Applications in facial recognition, genetic analysis, speech recognition and translation and many more are then possible. In the case of automotive automation, the ability to read street and speed signs, distinguish pedestrians and all manner of other objects is essential and now possible. NVIDIA is offering two new products to help create such deep learning neural network-based systems. The first is a software tool called DIGITS Deep Learning GPU Training System, which lets users get quickly started implementing and developing neural nets.
The second is a targeted system specifically designed for developing deep learning neural nets called DIGITS Devbox, which is a desktop system that comes with four Titan X processors, 64 Gbytes of DDR4 memory and is preloaded with the DIGITS software (Figure 2). The Devbox sells for $15,000 and is available only to qualified customers. The idea is that applications created by training the neural networks on the Devbox can be loaded onto a more compact embedded computer such as the Drive X.
The DIGITS Devbox is specifically designed for developing deep learning neural net applications with four Titan X processors.
DIGITS guides users through the process of setting up, configuring and training deep neural networks, handing the underlying details so that scientists can focus on the research and the results. Preparing and loading training data sets with DIGITS, whether on a local system or from the web is simplified by an intuitive user interface and workflow management capabilities. The system provides real-time monitoring and visualization so users can fine-tune their work.
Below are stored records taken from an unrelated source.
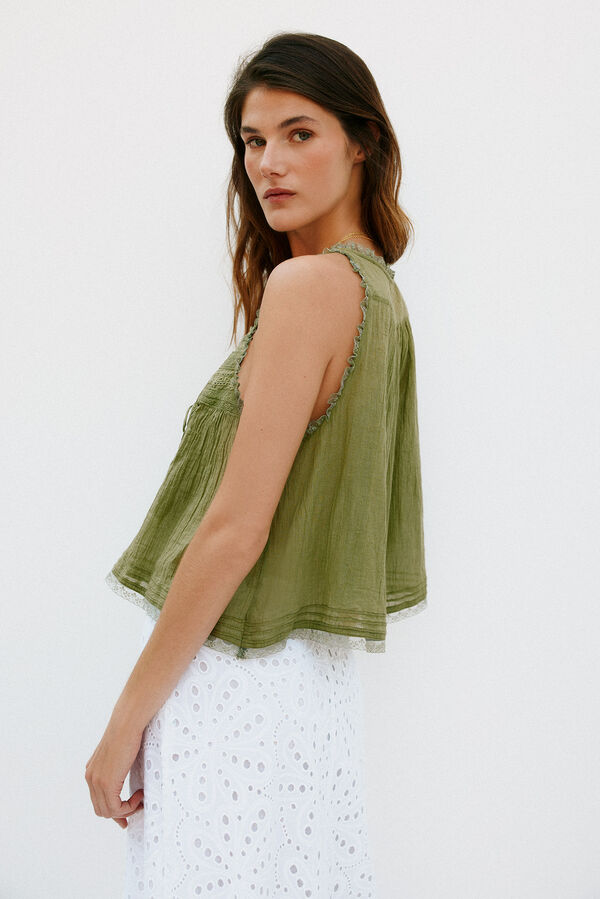 Hoss Intropia Camila. Blusa de lingerie Verde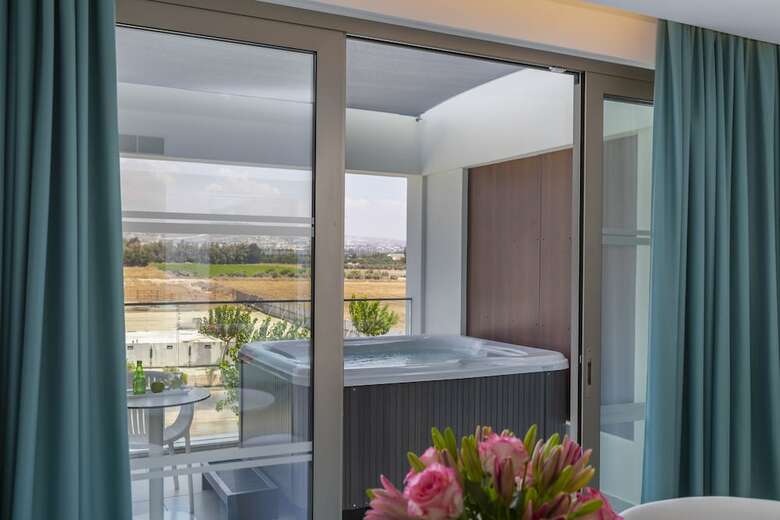 Louis Ivi Mare Hotel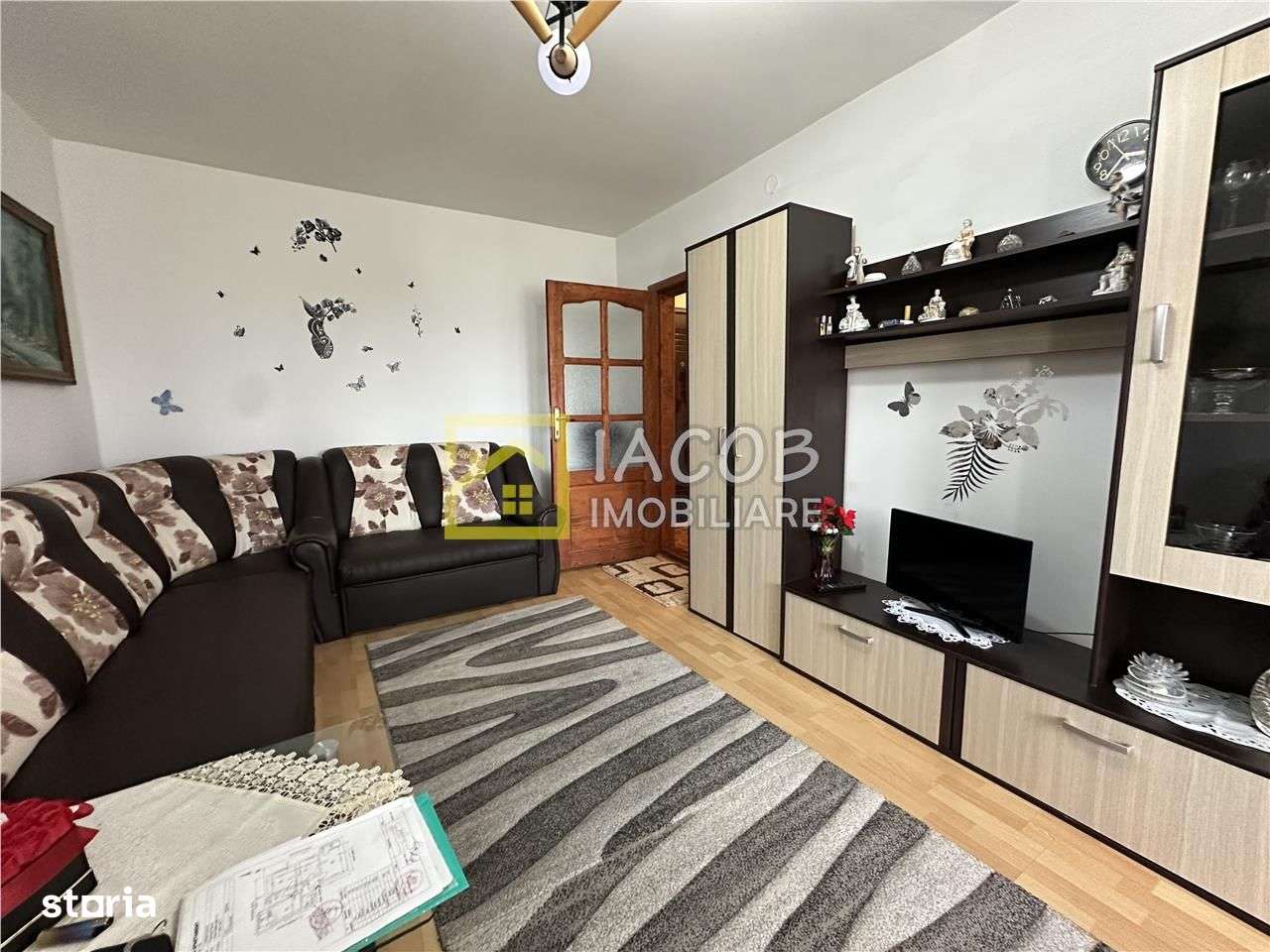 Apartament 3 camere decomandate – Str. Metalurgiei, Bac&#259;u - Imagine principală: 2/15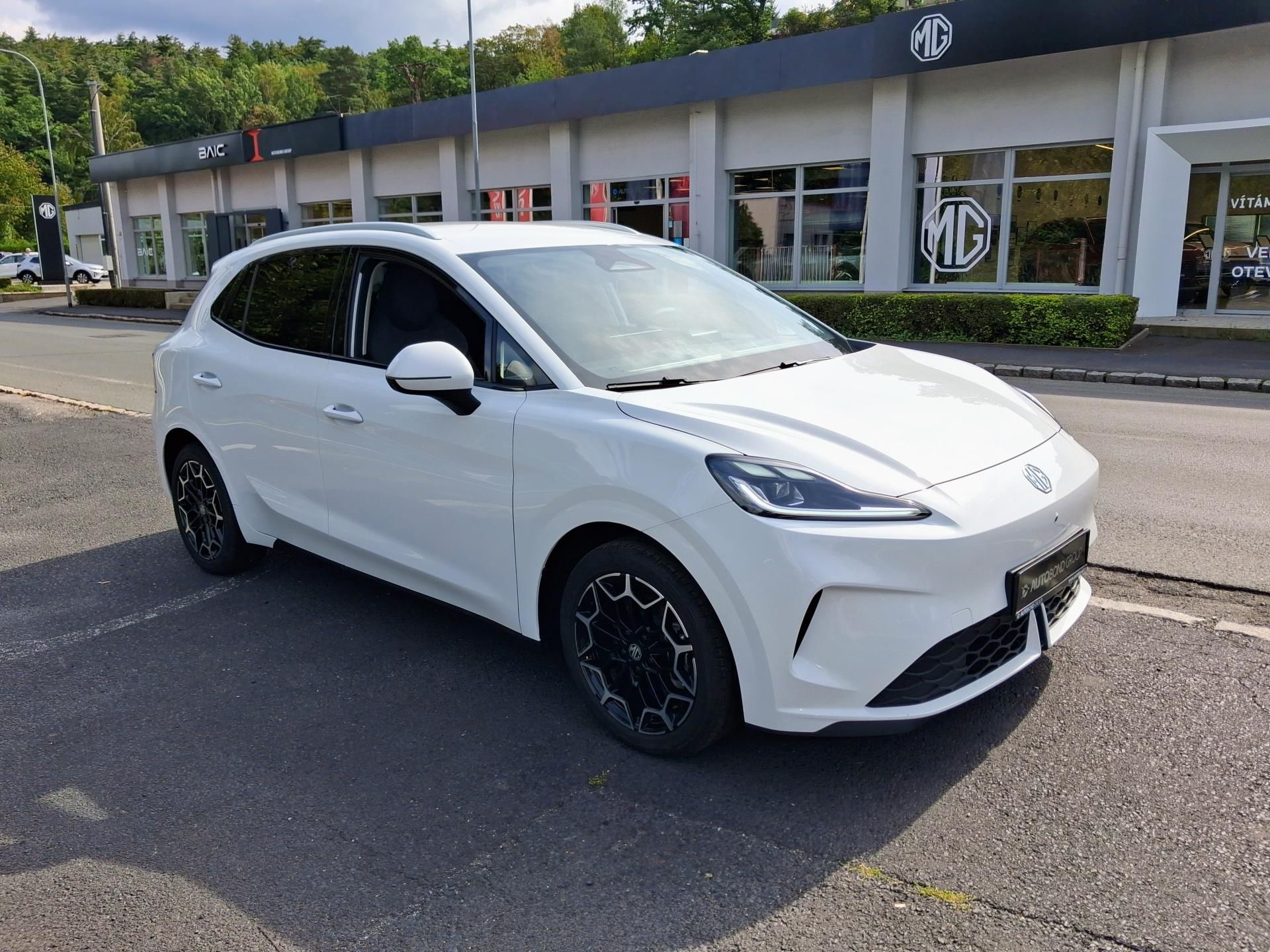 MG MG4, MG4 EV Urban EV 54kWh 118kW 1A - fotka 3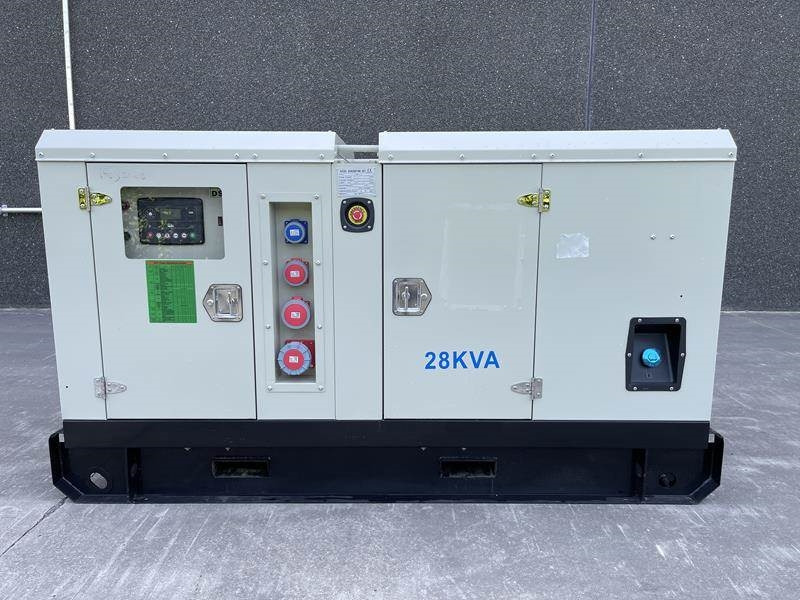 Cummins 28 kVA - Электрогенератор: фото 1 Cummins 28 kVA - Электрогенератор: фото 1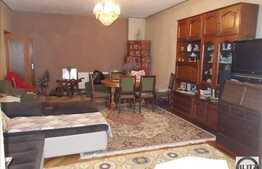 Vanzare apartament 3 camere, boxa, garaj, zona Parcului Central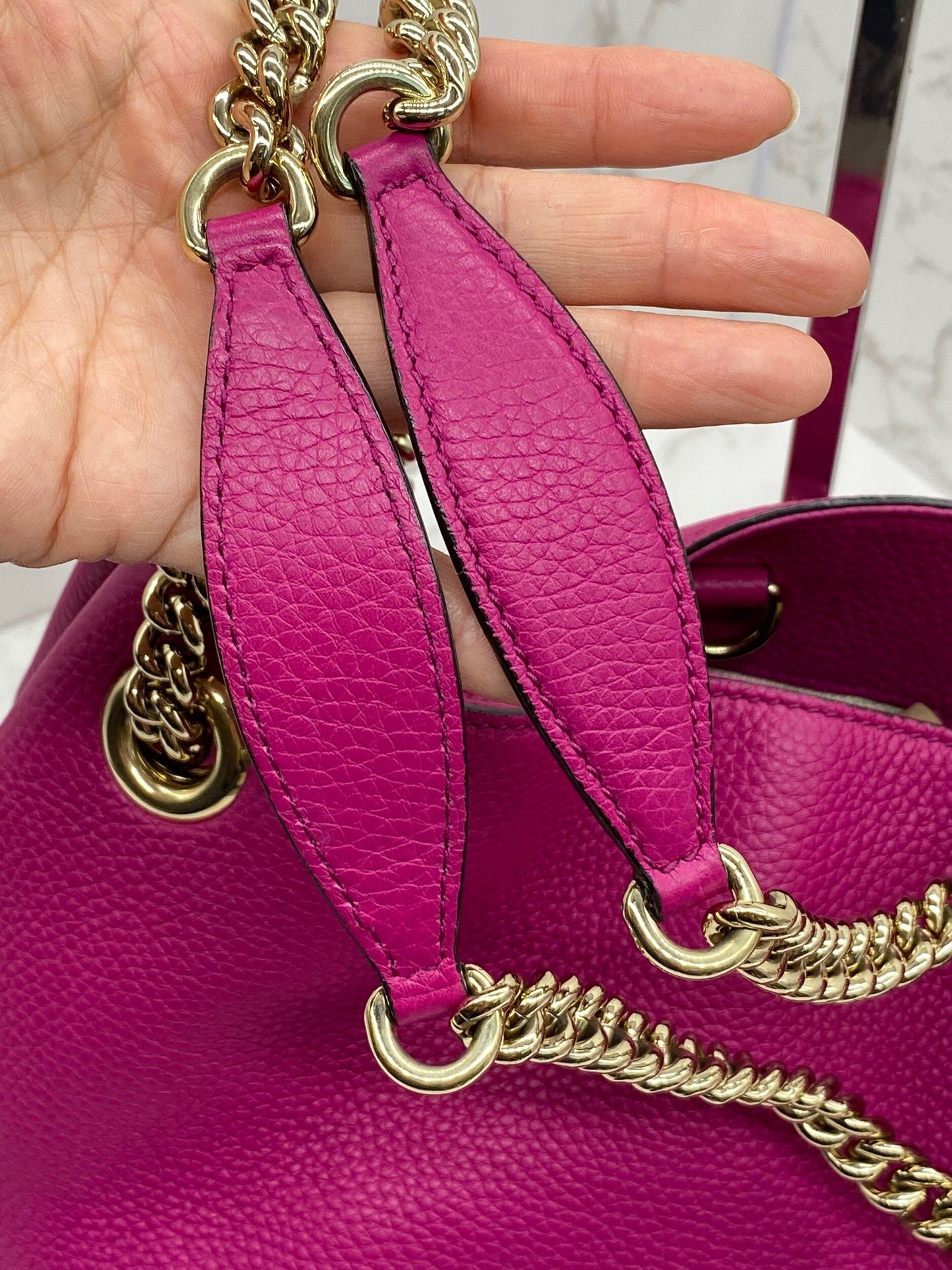 Gucci GG Soho Double Chain Pebbled Leather in Fuchsia Medium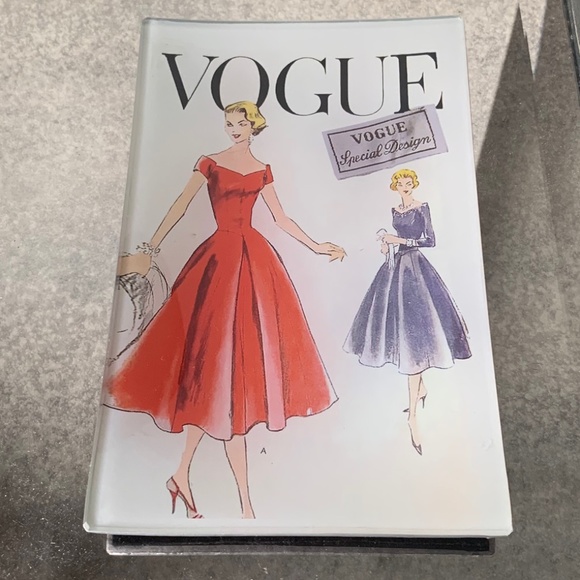 Vintage Vogue Dresses Glass Trinket Tray - Picture 1 of 3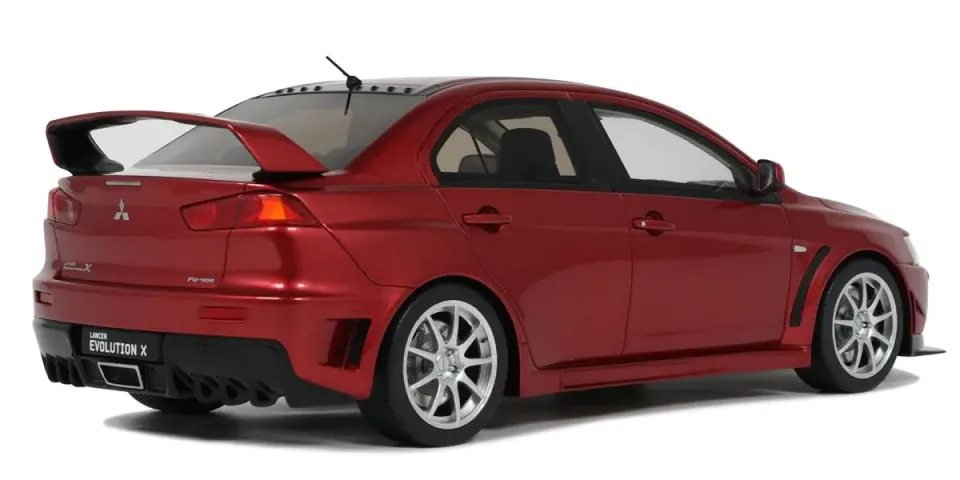 OTTO MITSUBISHI LANCER EVO FQ 400 2012 1:18 (OT1084)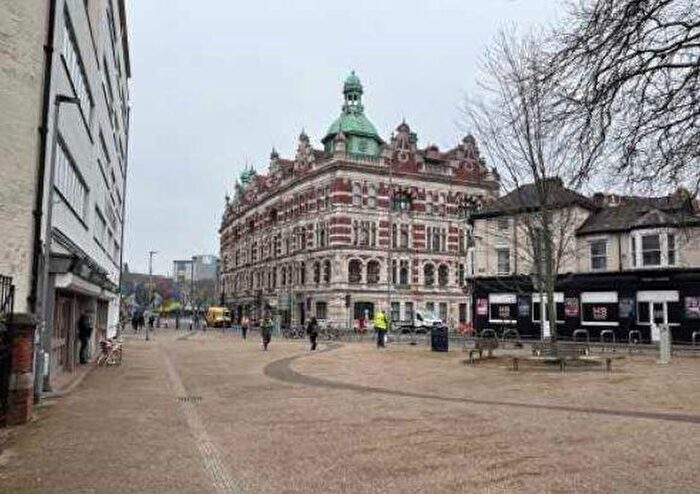 3 Bedroom Apartment For Sale In Apartment Charter House, Lord Montgomery Way, Portsmouth, PO1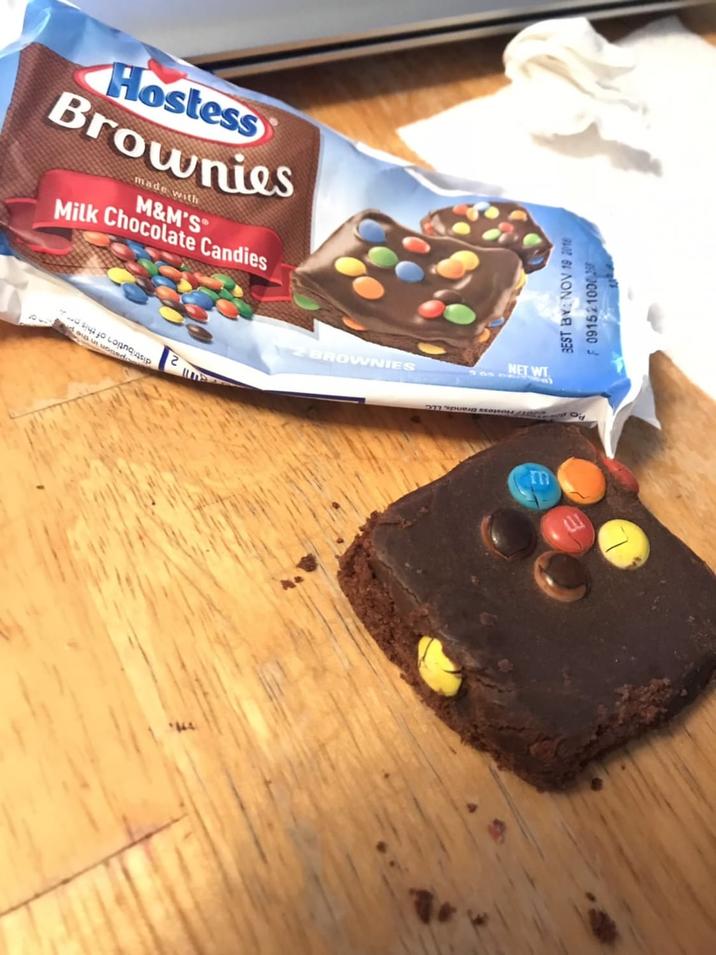 Hostess Brownies made with M&M'S Milk Chocolate Candies 19 da u uogedo to conqusip ZBROWNIES NET WT BEST BY NOV 19 2018 F 0915210002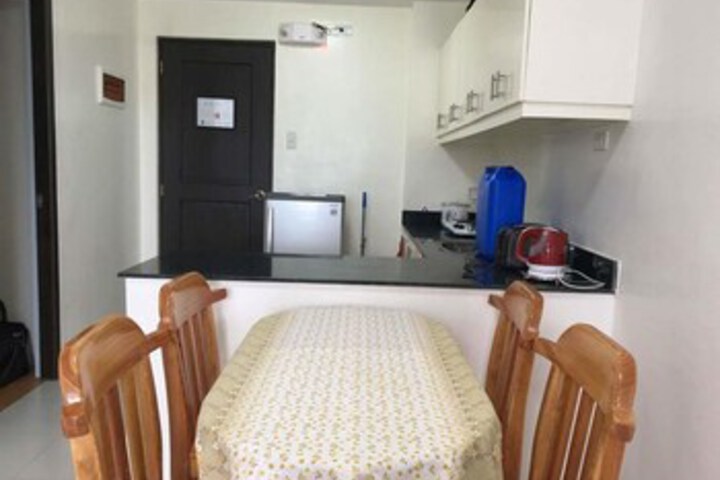 Room 10 of 30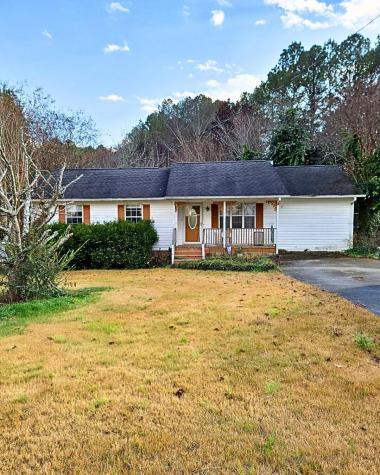 225 County Road 587 Englewood TN 37329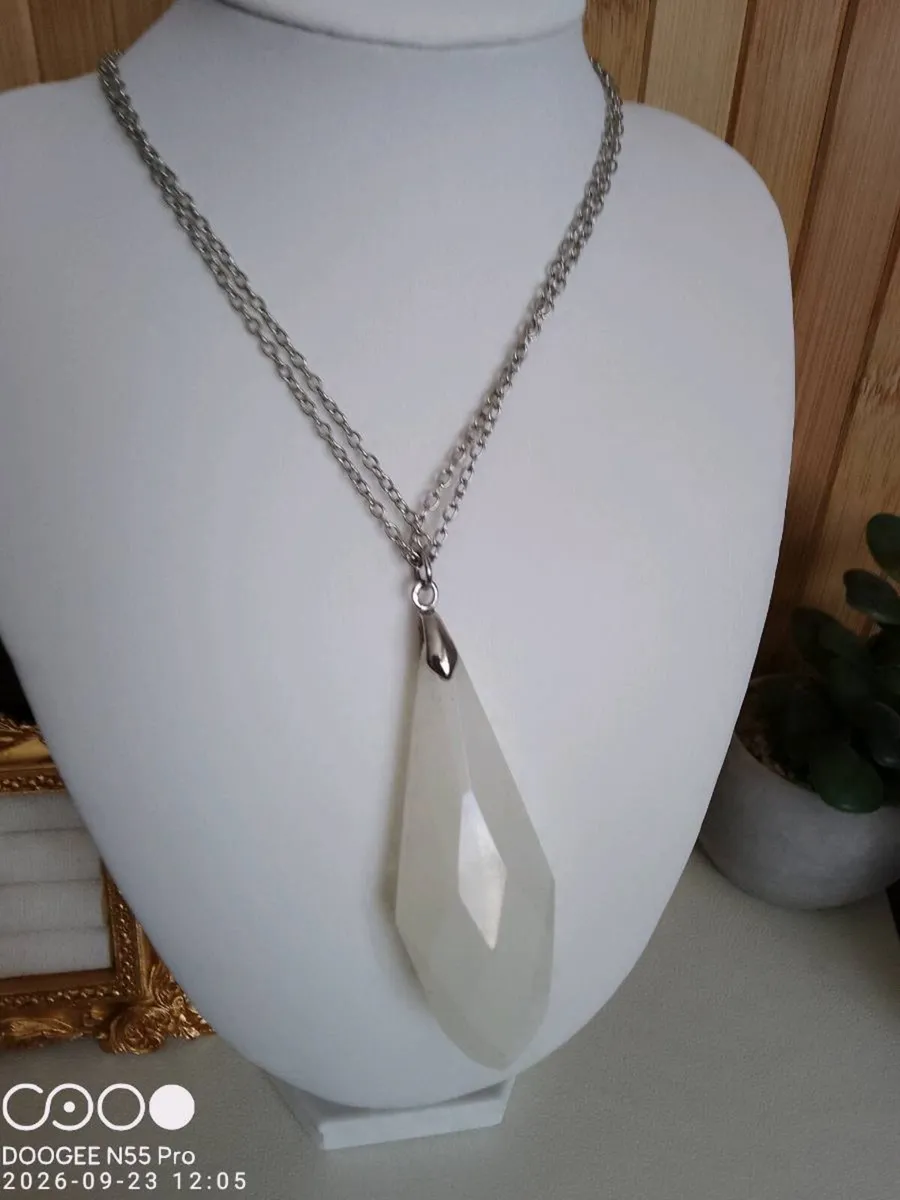 Women's Vintage Drop Style Necklace - Image 4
It also supports the GPU-accelerated versions of Caffe, a framework used by many scientists and researchers to build neural nets.
At the keynote address, which was delivered on a Tuesday, Tesla’s Elon Musk hinted at an upcoming announcement from his company. He remarked that we are very close to a self-driving car from a technology standpoint. However, the social and regulatory factors that must be overcome will put it off for some time. The following Thursday, Tesla revealed that it will be sending software upgrades to users that will enable them to drive hands-free on the Interstate and operate the car autonomously on private property. It would seem that this corresponds to the 0-5 and over 50 MPH ranges referred to above. It notably does not include the 5-50 MPH range that is still problematic.
Regulators are said to be scrambling to deal with the Interstate capability because there are actually many states with no laws against it. California, however, where most Tesla S models are sold, does have laws requiring specially-trained drivers in autonomously controlled vehicles. That would allow autonomous operation on private property but would be risky otherwise. Still, it does look like we are on our way to fully autonomous cars—for those who would actually want them—far sooner than anticipated. And Elon Musk predicts that with some two billion cars on the road, any transition will take years. However, he says, “In the distant future, (legislators) may outlaw driven cars because they’re too dangerous.”